(Excerpts from a dataset)
-=-=-
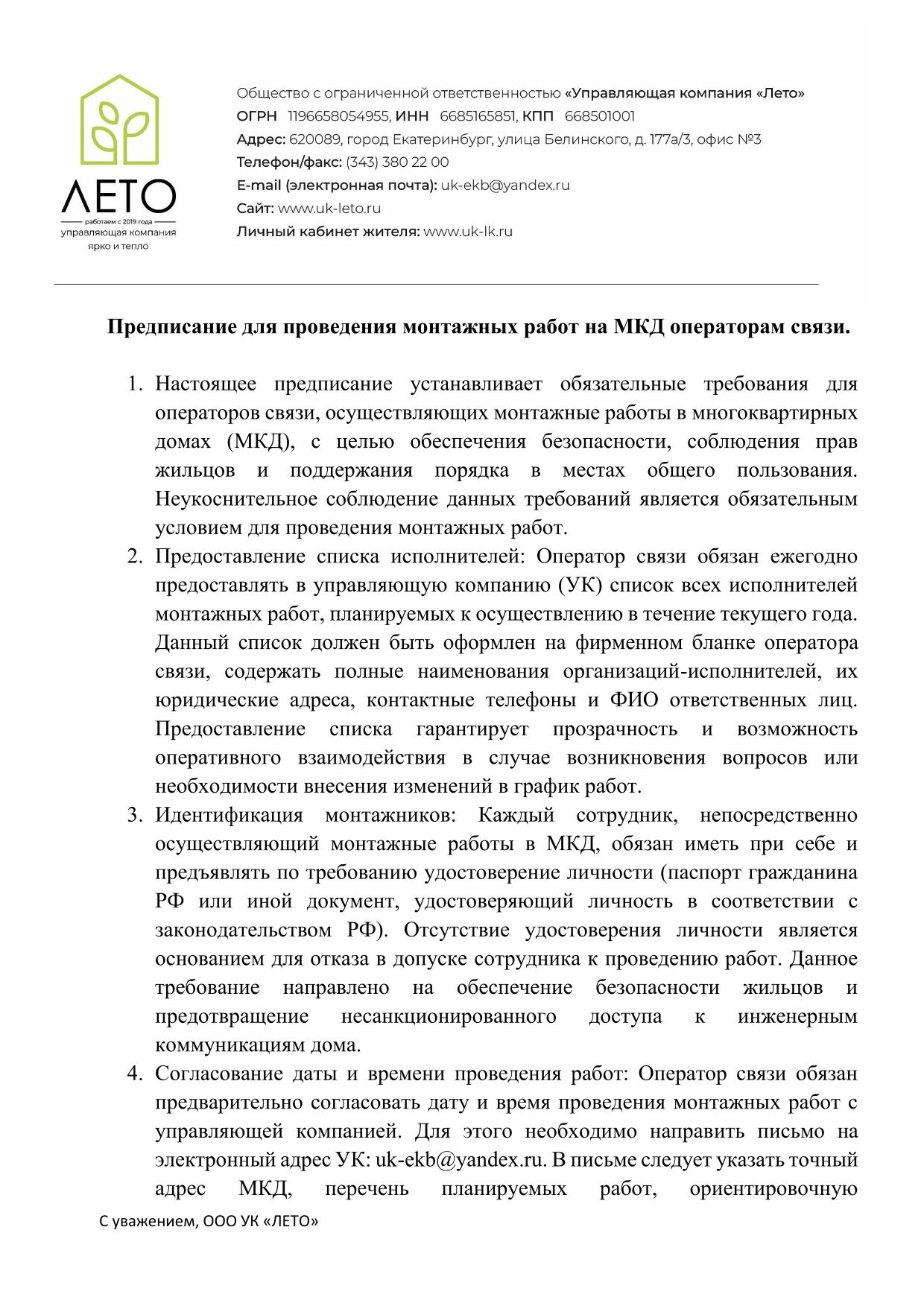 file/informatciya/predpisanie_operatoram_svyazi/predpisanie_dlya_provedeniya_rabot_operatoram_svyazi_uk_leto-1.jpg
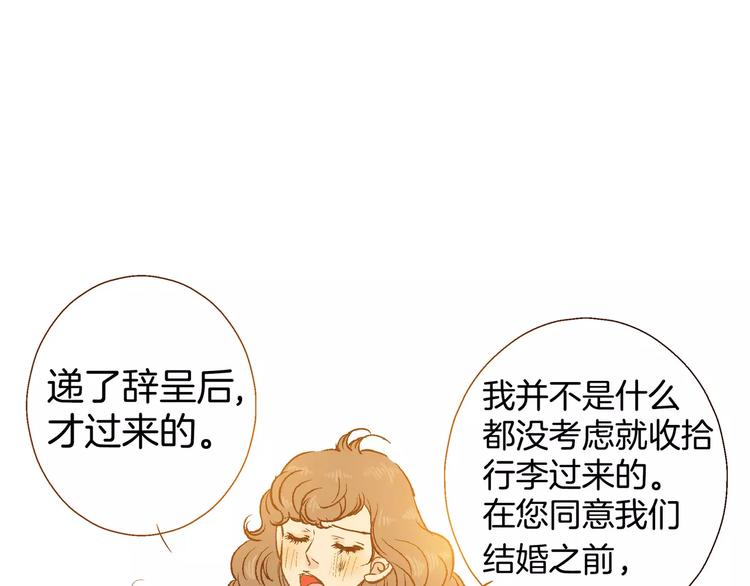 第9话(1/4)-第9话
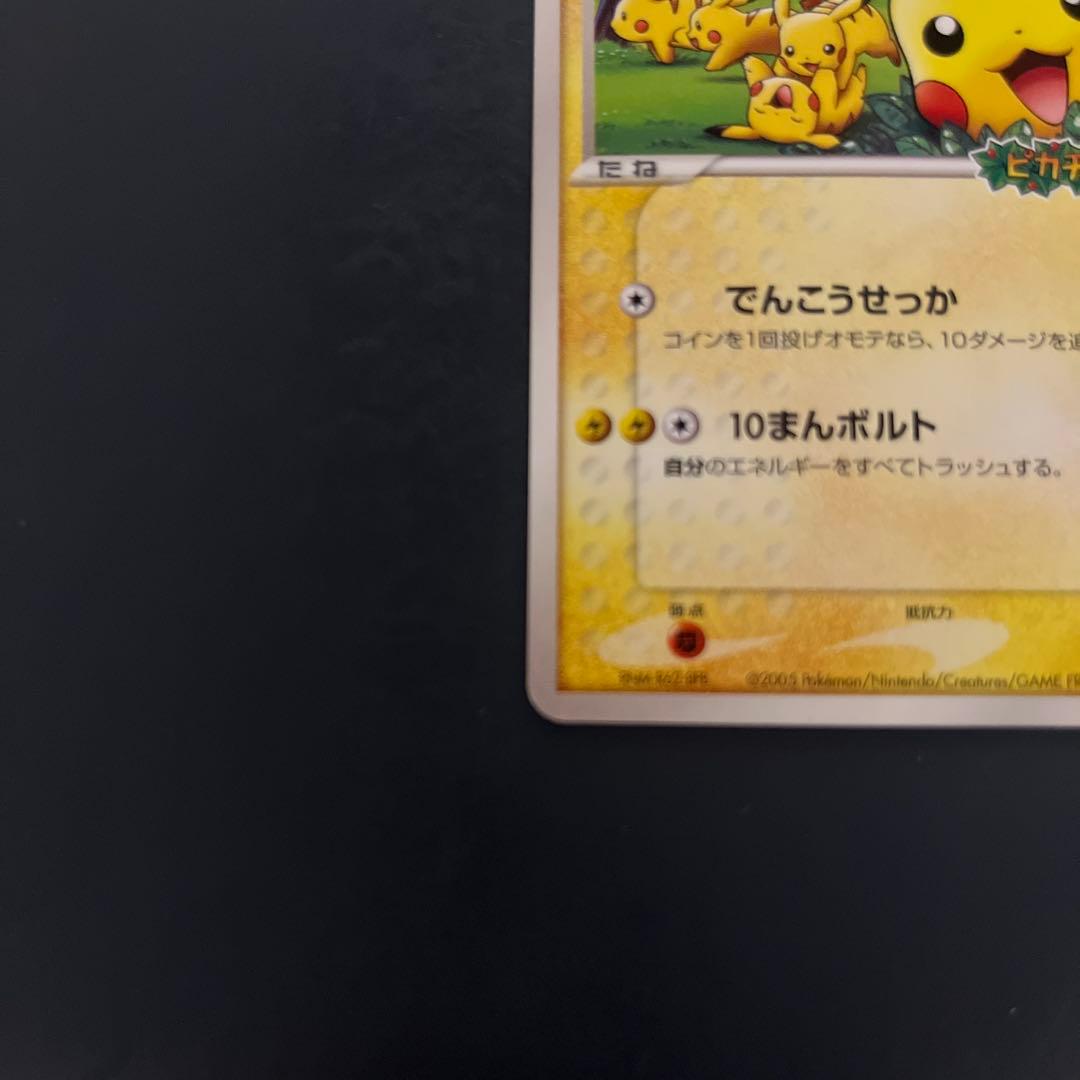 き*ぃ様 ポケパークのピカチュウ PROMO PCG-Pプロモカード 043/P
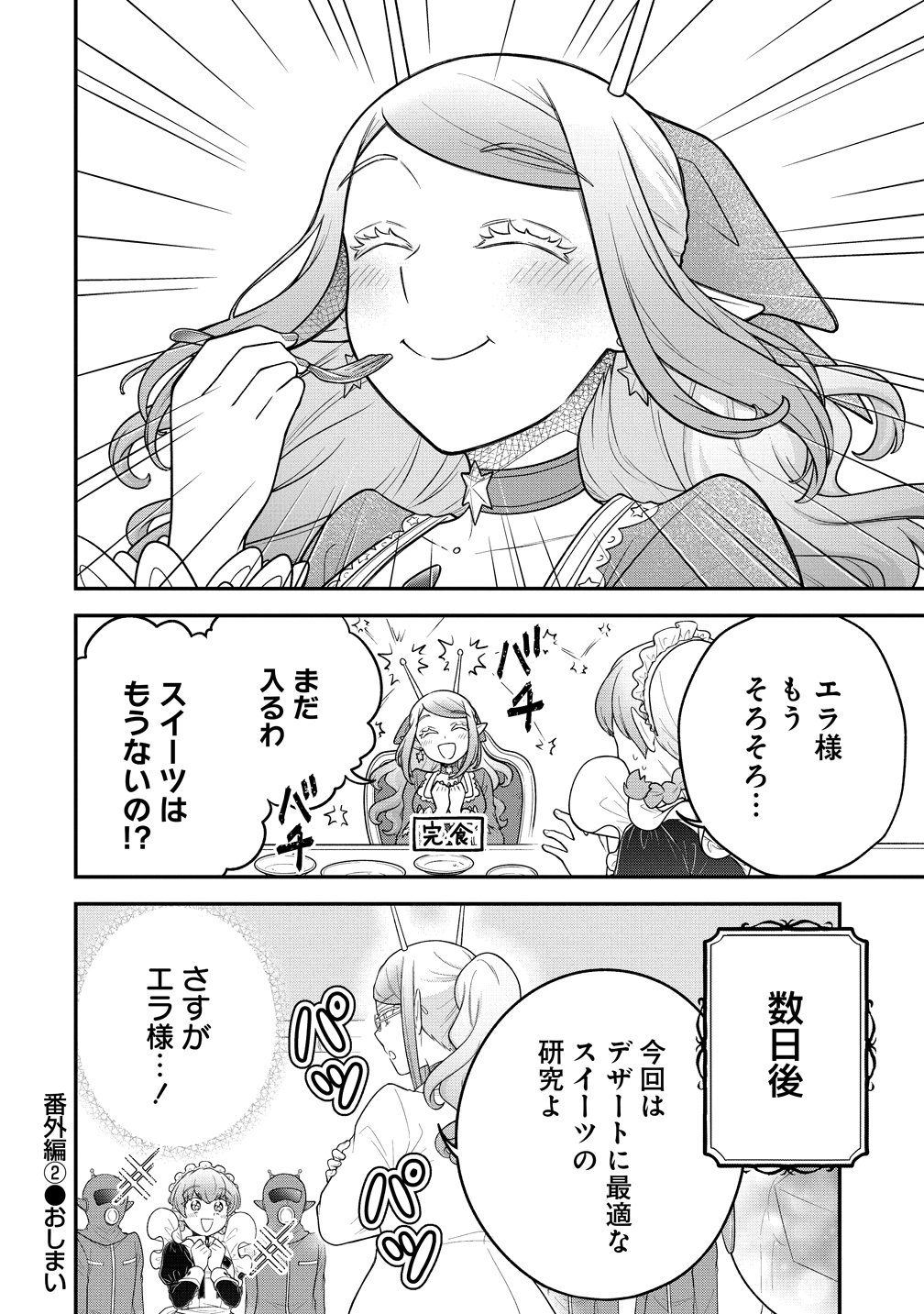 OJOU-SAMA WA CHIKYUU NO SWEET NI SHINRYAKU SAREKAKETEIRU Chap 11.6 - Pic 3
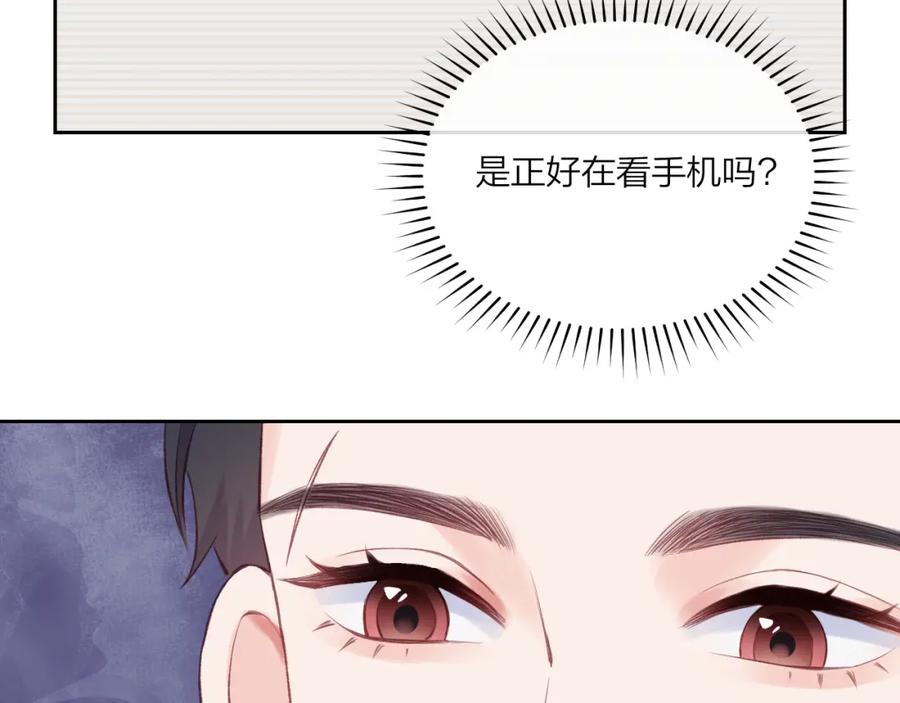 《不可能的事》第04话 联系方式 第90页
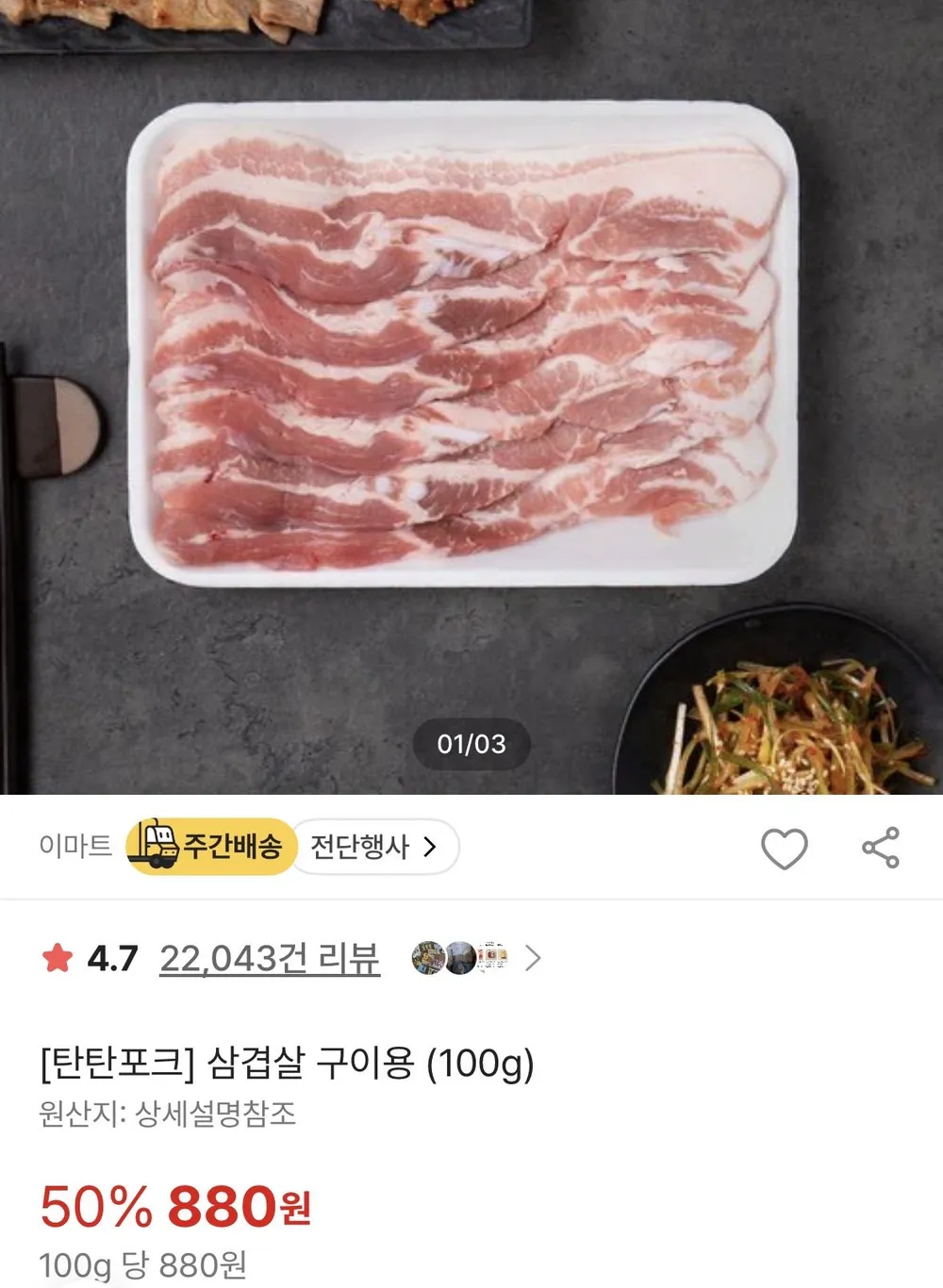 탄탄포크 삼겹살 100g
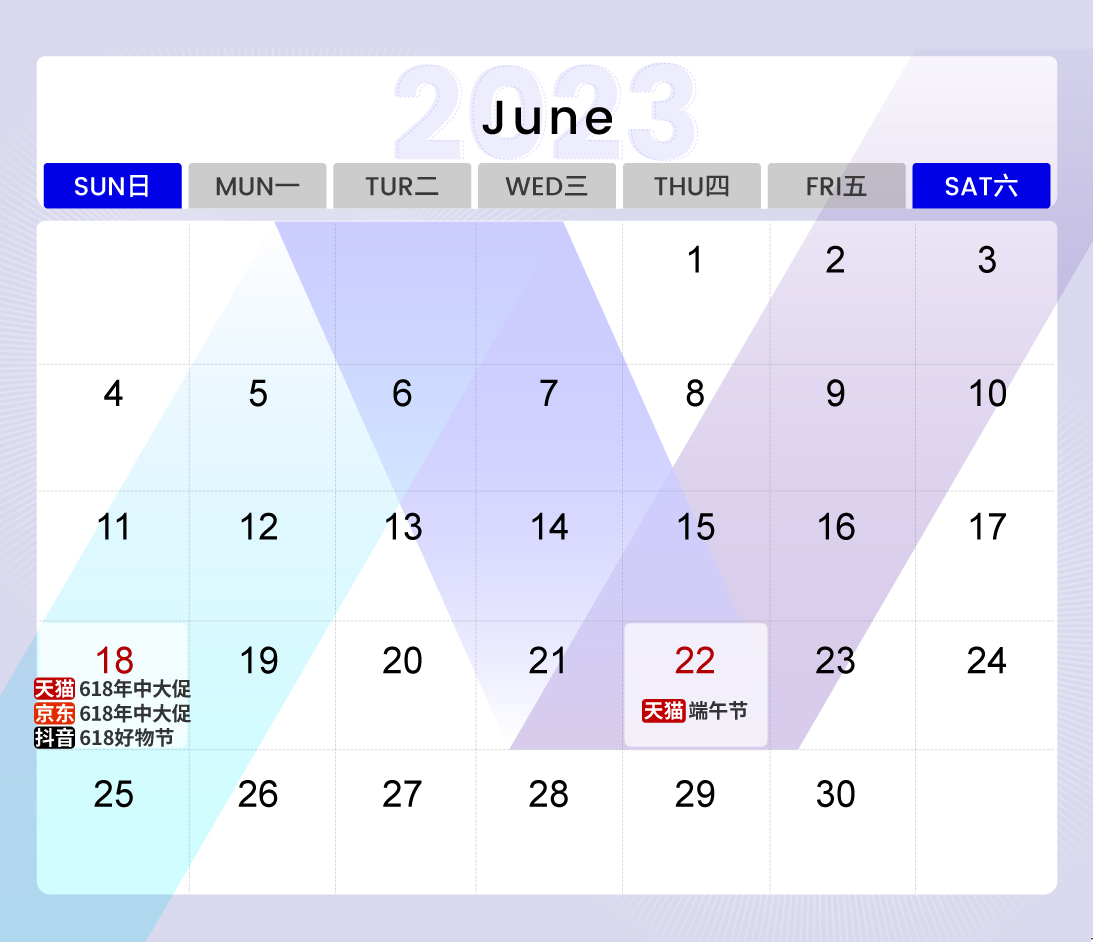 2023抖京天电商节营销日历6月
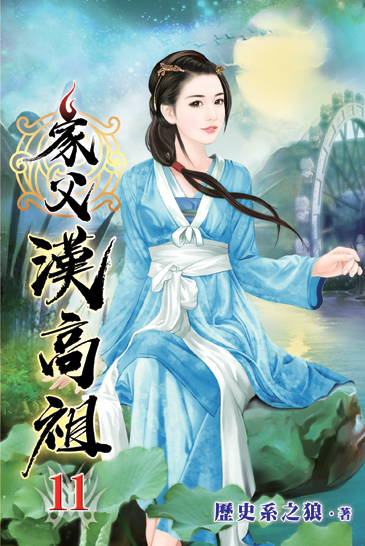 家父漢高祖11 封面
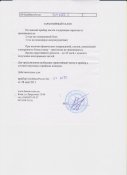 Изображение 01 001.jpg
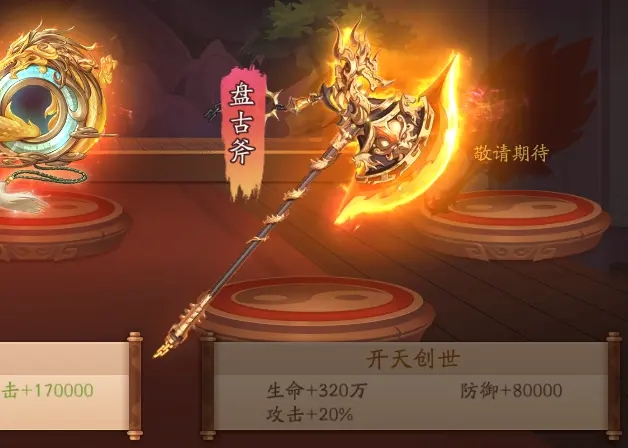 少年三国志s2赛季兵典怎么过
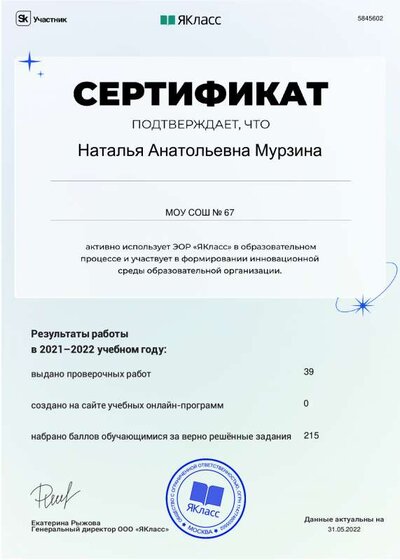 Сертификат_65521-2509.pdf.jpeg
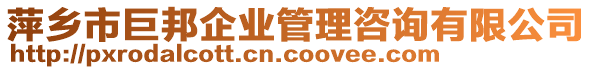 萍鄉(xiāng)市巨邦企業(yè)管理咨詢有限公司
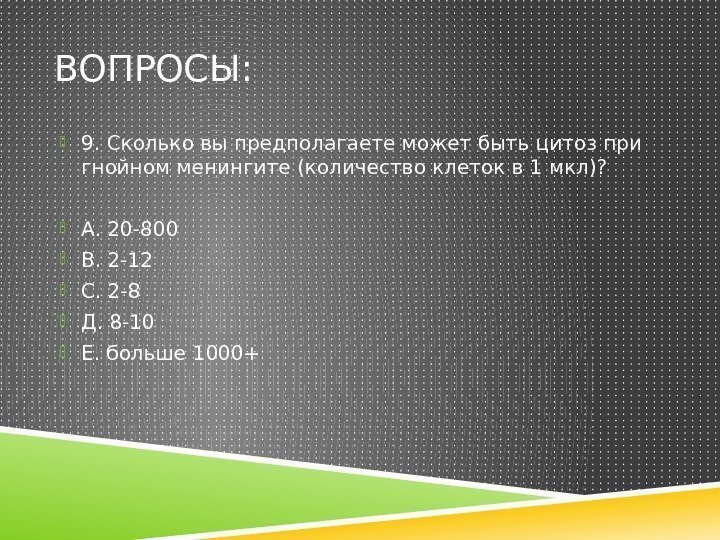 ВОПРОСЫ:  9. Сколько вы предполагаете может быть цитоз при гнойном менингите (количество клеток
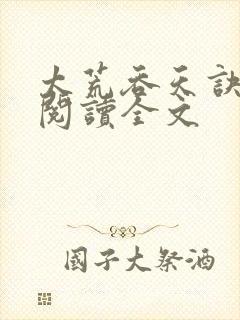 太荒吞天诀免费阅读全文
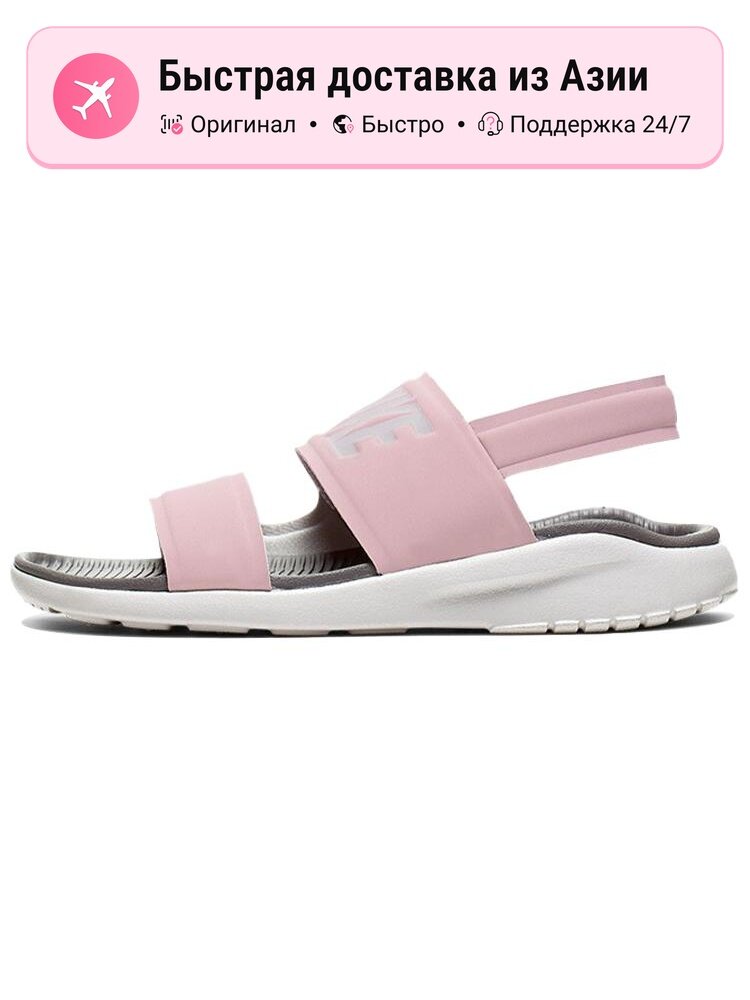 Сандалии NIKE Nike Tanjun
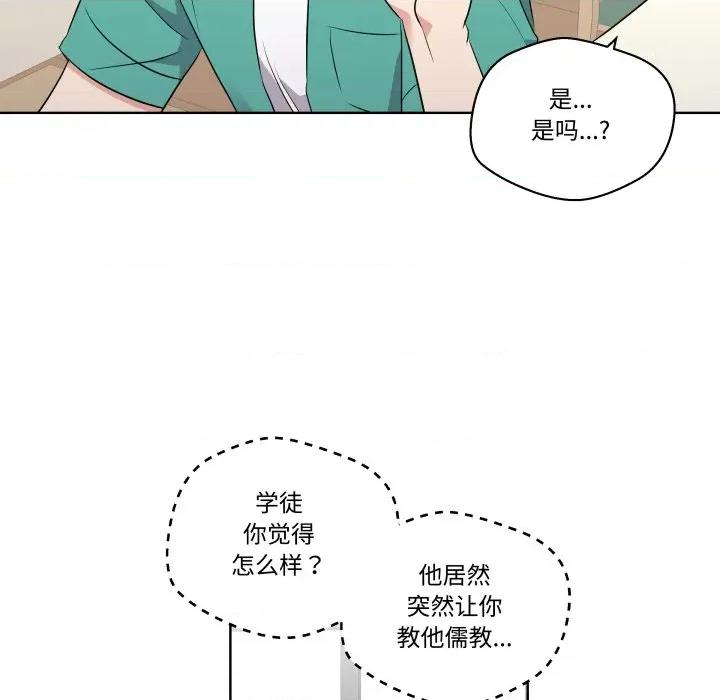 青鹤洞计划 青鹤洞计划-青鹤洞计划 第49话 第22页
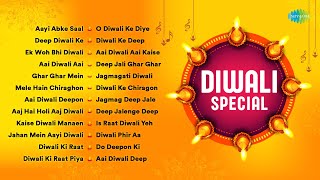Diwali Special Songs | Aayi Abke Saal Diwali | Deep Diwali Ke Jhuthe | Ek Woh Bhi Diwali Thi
-=-=-
◆ **What is being asked**
Restate word for word the lines running from the one with "Изображение 01 001.jpg" to the end of the entries; pictures are to be left out.

◆ **Answer**
 Изображение 01 001.jpg
 少年三国志s2赛季兵典怎么过
 Сертификат_65521-2509.pdf.jpeg
 萍鄉(xiāng)市巨邦企業(yè)管理咨詢有限公司
 ВОПРОСЫ:  9. Сколько вы предполагаете может быть цитоз при гнойном менингите (количество клеток
 太荒吞天诀免费阅读全文
 Сандалии NIKE Nike Tanjun
 青鹤洞计划 青鹤洞计划-青鹤洞计划 第49话 第22页
Diwali Special Songs | Aayi Abke Saal Diwali | Deep Diwali Ke Jhuthe | Ek Woh Bhi Diwali Thi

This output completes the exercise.